- _What the task requires_
Your copy should match the records exactly, except that it contains no pictures.

(Stored items)
^^^^^^^^^^^^^^^^

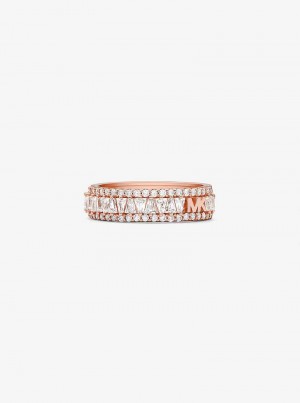 Michaelkors Precious Metal-Plated Sterling Silver Pavé Růžové Zlaté | SN-MK27832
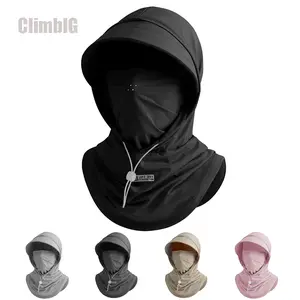 Women Men UPF 90+ UV Protection Balaclava Sun Hat | SunSafeTok OutdoorTok Full Face Neck Flap Wide Brim Cooling Hood | Birthday Gift for Him Her Fishing Cycling Motorcycle Outdoor Daily Wear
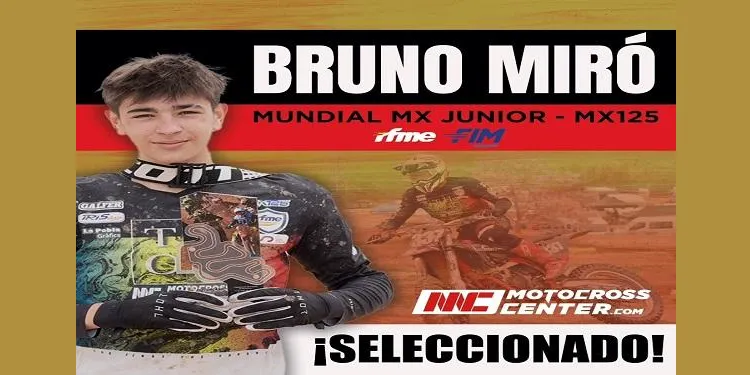 El catllarenc Bruno Miró és seleccionat per participar en el Mundial de MX Júnior als Països Baixos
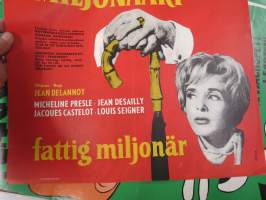 Köyhä miljonääri (pääosissa Jean Gabin &amp; Micheline Presle) -elokuvajuliste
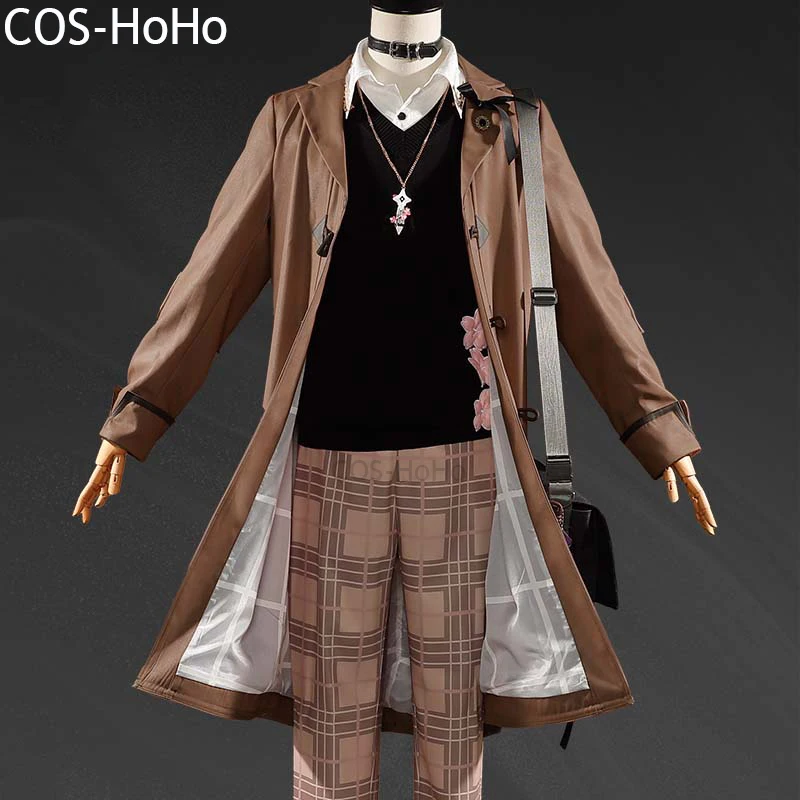 COS-HoHo Vtuber Shoto Shxtou Game Suit Gorgeous Cool Handsome Uniform Cosplay Costume Halloween Party Role Play Outfit Men S-XXL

^^^^^^^^^^^^^^^^

- _Solution_
 Michaelkors Precious Metal-Plated Sterling Silver Pavé Růžové Zlaté | SN-MK27832
 Women Men UPF 90+ UV Protection Balaclava Sun Hat | SunSafeTok OutdoorTok Full Face Neck Flap Wide Brim Cooling Hood | Birthday Gift for Him Her Fishing Cycling Motorcycle Outdoor Daily Wear
 El catllarenc Bruno Miró és seleccionat per participar en el Mundial de MX Júnior als Països Baixos
 Köyhä miljonääri (pääosissa Jean Gabin &amp; Micheline Presle) -elokuvajuliste
 COS-HoHo Vtuber Shoto Shxtou Game Suit Gorgeous Cool Handsome Uniform Cosplay Costume Halloween Party Role Play Outfit Men S-XXL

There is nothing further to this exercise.